After locating the line with "Rhinoplasty Patient 06 After 1" in the data that follows, return it and every later line exactly, up to and including the line with "真实轻度白斑早期症状图片,白斑不痒不脱".

**** RECORDS ****

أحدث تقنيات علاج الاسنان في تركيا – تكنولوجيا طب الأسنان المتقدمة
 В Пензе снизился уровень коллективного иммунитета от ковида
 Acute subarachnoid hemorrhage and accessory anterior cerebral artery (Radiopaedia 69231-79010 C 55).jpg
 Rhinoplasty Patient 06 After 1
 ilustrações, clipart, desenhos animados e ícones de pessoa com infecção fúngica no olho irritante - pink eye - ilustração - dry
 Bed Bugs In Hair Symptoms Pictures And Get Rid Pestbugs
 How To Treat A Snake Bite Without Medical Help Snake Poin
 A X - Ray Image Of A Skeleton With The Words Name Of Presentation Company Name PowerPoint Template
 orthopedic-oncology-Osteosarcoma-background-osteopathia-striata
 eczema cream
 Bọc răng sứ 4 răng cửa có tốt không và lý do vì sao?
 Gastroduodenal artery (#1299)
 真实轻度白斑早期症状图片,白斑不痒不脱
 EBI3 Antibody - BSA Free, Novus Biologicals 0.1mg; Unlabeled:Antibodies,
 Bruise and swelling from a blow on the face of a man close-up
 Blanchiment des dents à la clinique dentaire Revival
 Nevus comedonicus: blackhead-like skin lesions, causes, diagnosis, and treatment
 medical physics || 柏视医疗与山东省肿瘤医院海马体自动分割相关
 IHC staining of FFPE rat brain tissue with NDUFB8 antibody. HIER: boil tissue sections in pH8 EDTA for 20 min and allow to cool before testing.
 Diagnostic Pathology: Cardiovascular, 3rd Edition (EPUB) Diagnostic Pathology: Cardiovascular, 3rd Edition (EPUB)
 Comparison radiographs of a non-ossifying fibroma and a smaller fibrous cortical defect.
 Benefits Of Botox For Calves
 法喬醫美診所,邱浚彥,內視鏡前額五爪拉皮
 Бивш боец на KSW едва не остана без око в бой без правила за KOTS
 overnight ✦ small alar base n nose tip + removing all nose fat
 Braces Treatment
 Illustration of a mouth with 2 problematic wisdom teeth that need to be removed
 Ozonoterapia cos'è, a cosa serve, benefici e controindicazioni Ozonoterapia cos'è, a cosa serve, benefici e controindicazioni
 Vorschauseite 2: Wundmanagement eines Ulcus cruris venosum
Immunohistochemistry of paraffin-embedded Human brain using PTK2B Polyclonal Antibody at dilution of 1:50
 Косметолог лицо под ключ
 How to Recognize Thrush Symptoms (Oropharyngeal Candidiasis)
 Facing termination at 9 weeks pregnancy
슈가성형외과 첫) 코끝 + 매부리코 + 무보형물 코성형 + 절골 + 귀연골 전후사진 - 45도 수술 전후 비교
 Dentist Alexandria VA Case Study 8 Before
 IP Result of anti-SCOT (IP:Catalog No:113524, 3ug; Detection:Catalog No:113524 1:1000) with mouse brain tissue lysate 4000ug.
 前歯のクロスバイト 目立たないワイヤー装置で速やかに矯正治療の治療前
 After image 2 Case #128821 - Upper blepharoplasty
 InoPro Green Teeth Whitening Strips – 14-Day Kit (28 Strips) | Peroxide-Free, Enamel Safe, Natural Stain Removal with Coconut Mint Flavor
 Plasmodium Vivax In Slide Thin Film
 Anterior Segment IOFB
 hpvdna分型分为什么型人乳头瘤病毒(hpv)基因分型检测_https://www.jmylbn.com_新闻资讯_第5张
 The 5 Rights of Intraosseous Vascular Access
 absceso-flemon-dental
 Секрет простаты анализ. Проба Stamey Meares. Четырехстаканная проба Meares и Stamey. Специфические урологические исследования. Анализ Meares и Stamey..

****

(ANSWER FOR THE TASK)
 Rhinoplasty Patient 06 After 1
 ilustrações, clipart, desenhos animados e ícones de pessoa com infecção fúngica no olho irritante - pink eye - ilustração - dry
 Bed Bugs In Hair Symptoms Pictures And Get Rid Pestbugs
 How To Treat A Snake Bite Without Medical Help Snake Poin
 A X - Ray Image Of A Skeleton With The Words Name Of Presentation Company Name PowerPoint Template
 orthopedic-oncology-Osteosarcoma-background-osteopathia-striata
 eczema cream
 Bọc răng sứ 4 răng cửa có tốt không và lý do vì sao?
 Gastroduodenal artery (#1299)
 真实轻度白斑早期症状图片,白斑不痒不脱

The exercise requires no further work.